• _Exercise inputs_:
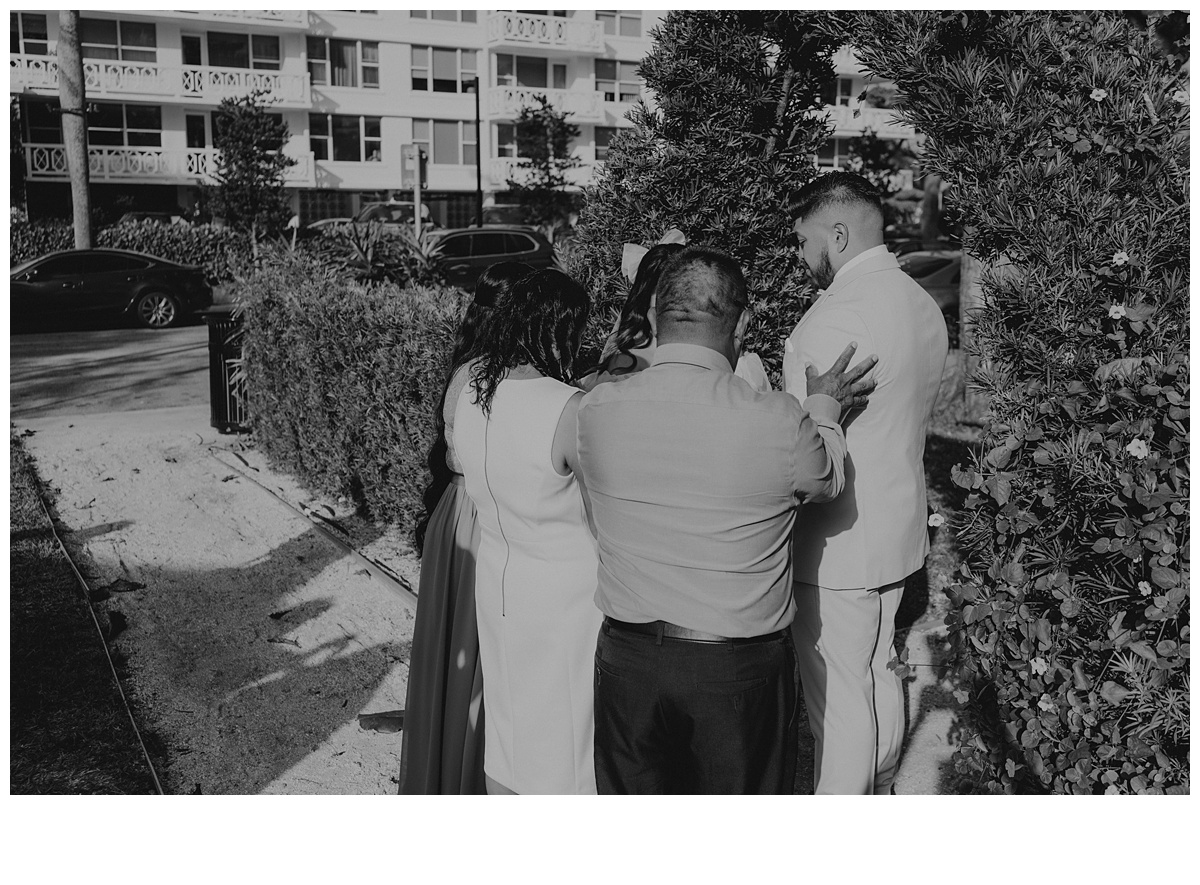 Emotional black and white moment, couples parents praying over them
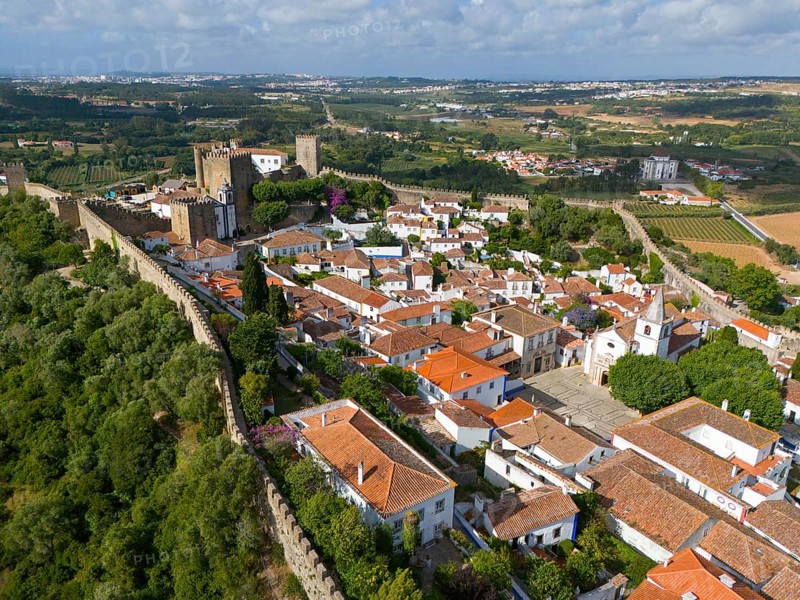 Aerial view of a historic town with red roofs, surrounded by castle walls and embedded in a green landscape, town, castle, Castelo de Óbidos, town wall, Óbidos, Obidos, Oeste, Centro, Estremadura, Portugal, Europe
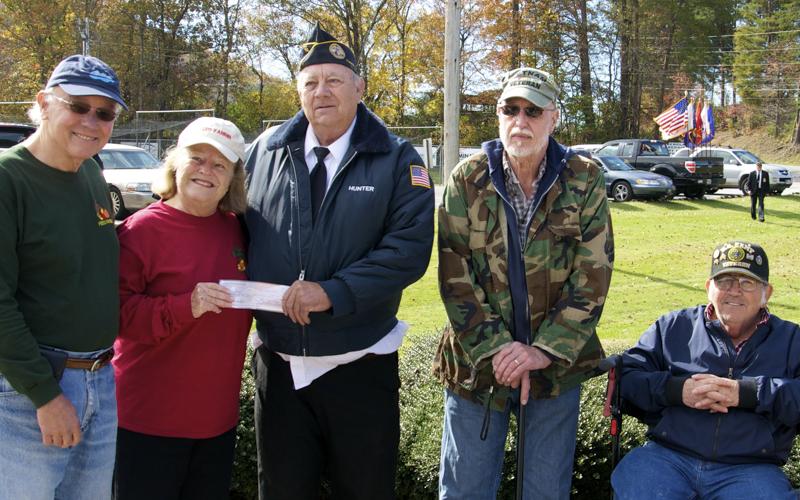Disabled American Veterans (DAV) Chapter 28 Commander Paul Hunter hands off a check to Feed Fannin volunteer Carol Martel to help the organization purchase turkeys and hams to be distributed to those in need for the holidays. Around them are, from left, Carlos Martel, Carol Martel, Hunter, DAV Chaplin Floyd Ballance, and DAV member Charles Spivey.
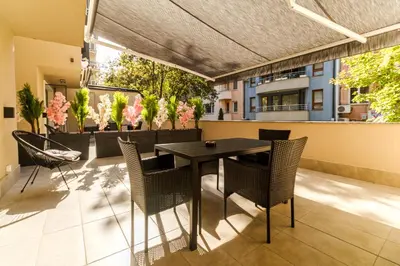 a patio with a table and chairs on a balcony at LDV 13 Residence Free private parking in Plovdiv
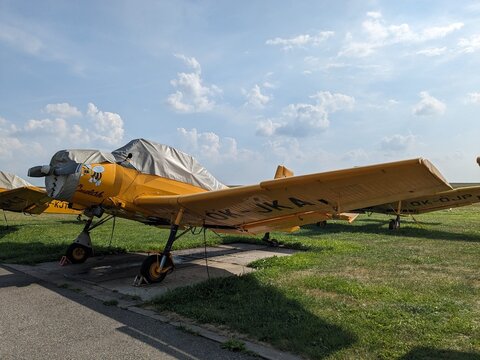 Jihlava,May 4 2025:Yellow agricultural spray plane Zlin Z-37 Cmelak captured on the ground, highlighting its rugged fuselage, wide wings, and utilitarian crop-dusting design in clear daylight.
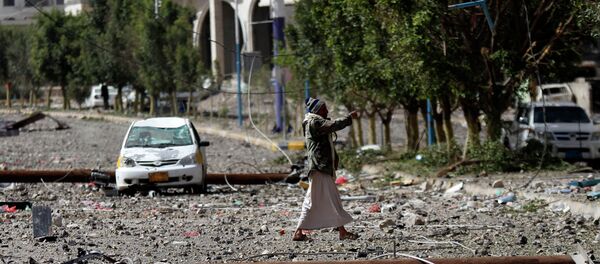A Shiite fighter known as Houthi, walks on a street littered by debris after a Saudi-led airstrike hit a site where many believe the largest weapons cache in Yemen's capital, Sanaa, is located on Monday, April 20, 2015 A Shiite fighter known as Houthi, walks on a street littered by debris after a Saudi-led airstrike hit a site where many believe the largest weapons cache in Yemen's capital, Sanaa, is located on Monday, April 20, 2015 - Sputnik International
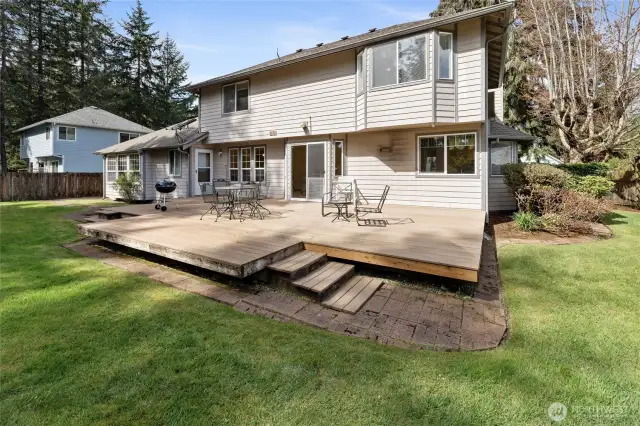 Back of the house, fully fenced yard and a big deck.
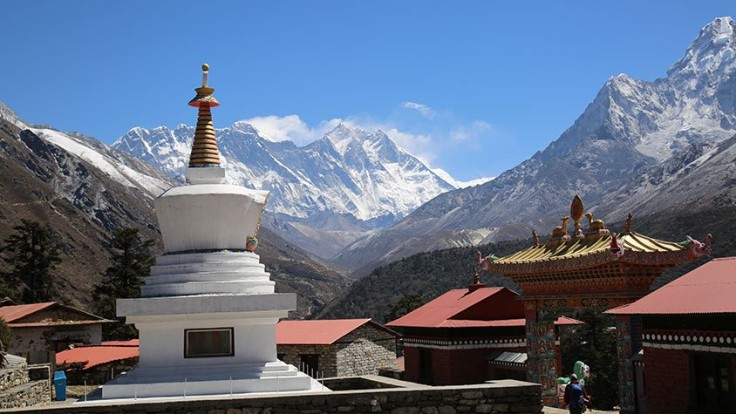 A-Stupa-and-brightly-painted-entry-in-a-village-on-the-way-to-Everest-Base-Camp.jpg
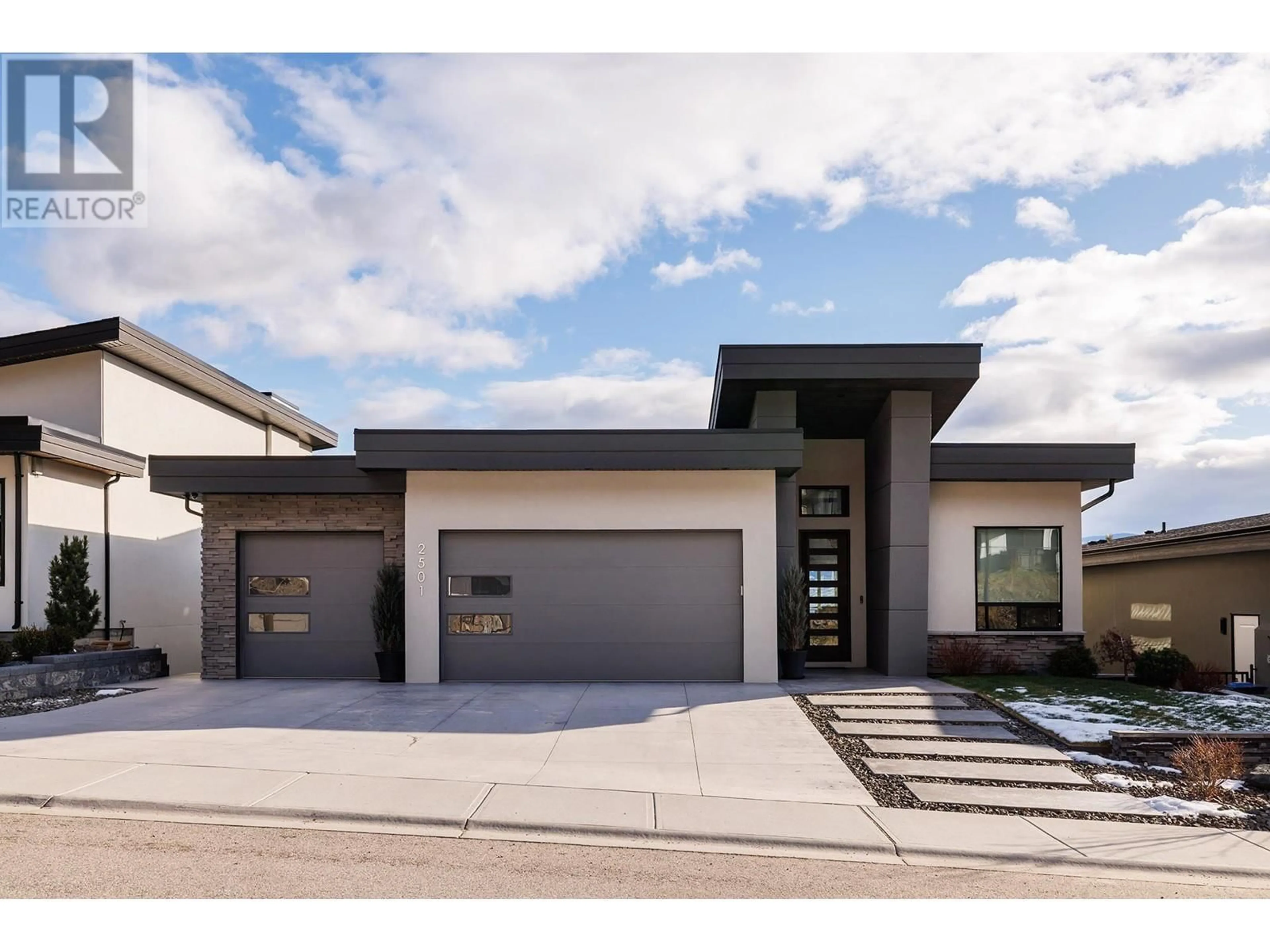 Home with brick exterior material, street for 2501 Tallus Heights Drive, West Kelowna British Columbia V4T3M2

• _Exercise goal_:
Only exact duplicates of the lines from the one containing "- Sputnik International" through the final line of the entries, both included, are needed, with pictures left out.

• _Exercise result_:
A Shiite fighter known as Houthi, walks on a street littered by debris after a Saudi-led airstrike hit a site where many believe the largest weapons cache in Yemen's capital, Sanaa, is located on Monday, April 20, 2015 A Shiite fighter known as Houthi, walks on a street littered by debris after a Saudi-led airstrike hit a site where many believe the largest weapons cache in Yemen's capital, Sanaa, is located on Monday, April 20, 2015 - Sputnik International
 Back of the house, fully fenced yard and a big deck.
 A-Stupa-and-brightly-painted-entry-in-a-village-on-the-way-to-Everest-Base-Camp.jpg
 Home with brick exterior material, street for 2501 Tallus Heights Drive, West Kelowna British Columbia V4T3M2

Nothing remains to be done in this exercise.